[Opening Task data section]

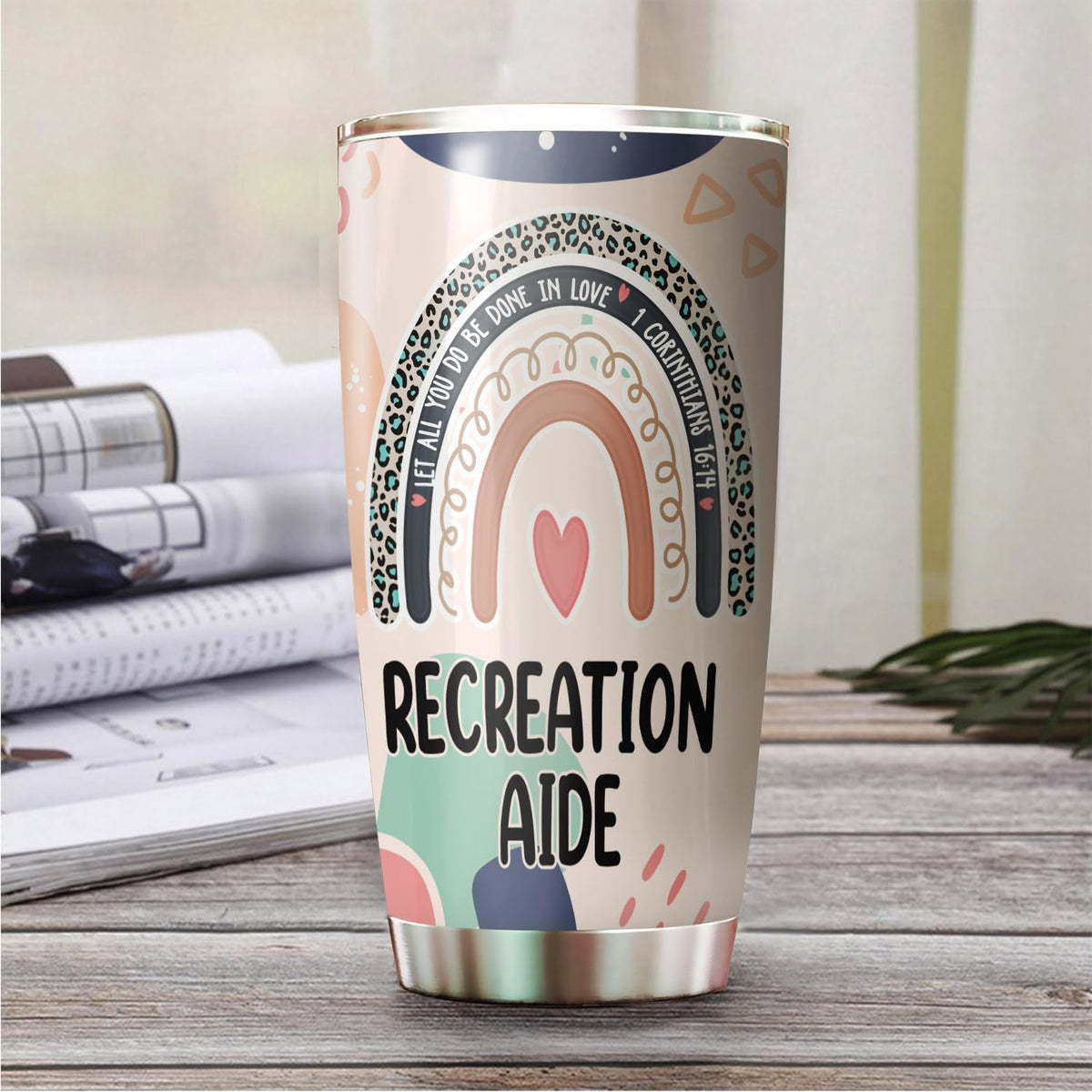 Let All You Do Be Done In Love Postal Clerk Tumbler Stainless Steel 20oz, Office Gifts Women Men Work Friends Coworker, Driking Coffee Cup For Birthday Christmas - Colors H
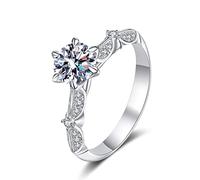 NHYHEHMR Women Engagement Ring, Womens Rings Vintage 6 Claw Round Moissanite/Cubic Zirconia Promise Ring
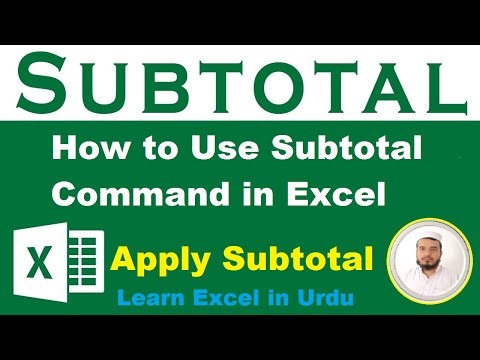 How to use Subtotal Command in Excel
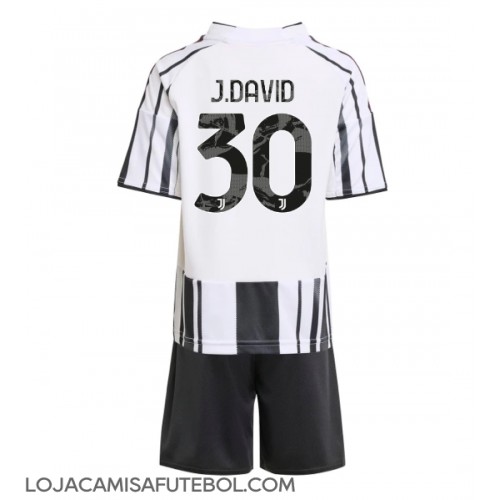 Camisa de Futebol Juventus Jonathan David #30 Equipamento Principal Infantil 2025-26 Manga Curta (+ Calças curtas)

[Closing Task data section]
[Opening Task data section]

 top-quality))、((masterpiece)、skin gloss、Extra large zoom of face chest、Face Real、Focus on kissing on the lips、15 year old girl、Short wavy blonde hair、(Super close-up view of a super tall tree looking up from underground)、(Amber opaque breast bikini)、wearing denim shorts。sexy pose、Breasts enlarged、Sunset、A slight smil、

[Closing Task data section]

_Exercise_: Output exactly the lines of the listing above that start with the one holding "Let All You" and go on through the one holding "Camisa de Futebol"; leave the pictures out.

_Response box_:
 Let All You Do Be Done In Love Postal Clerk Tumbler Stainless Steel 20oz, Office Gifts Women Men Work Friends Coworker, Driking Coffee Cup For Birthday Christmas - Colors H
 NHYHEHMR Women Engagement Ring, Womens Rings Vintage 6 Claw Round Moissanite/Cubic Zirconia Promise Ring
 How to use Subtotal Command in Excel
 Camisa de Futebol Juventus Jonathan David #30 Equipamento Principal Infantil 2025-26 Manga Curta (+ Calças curtas)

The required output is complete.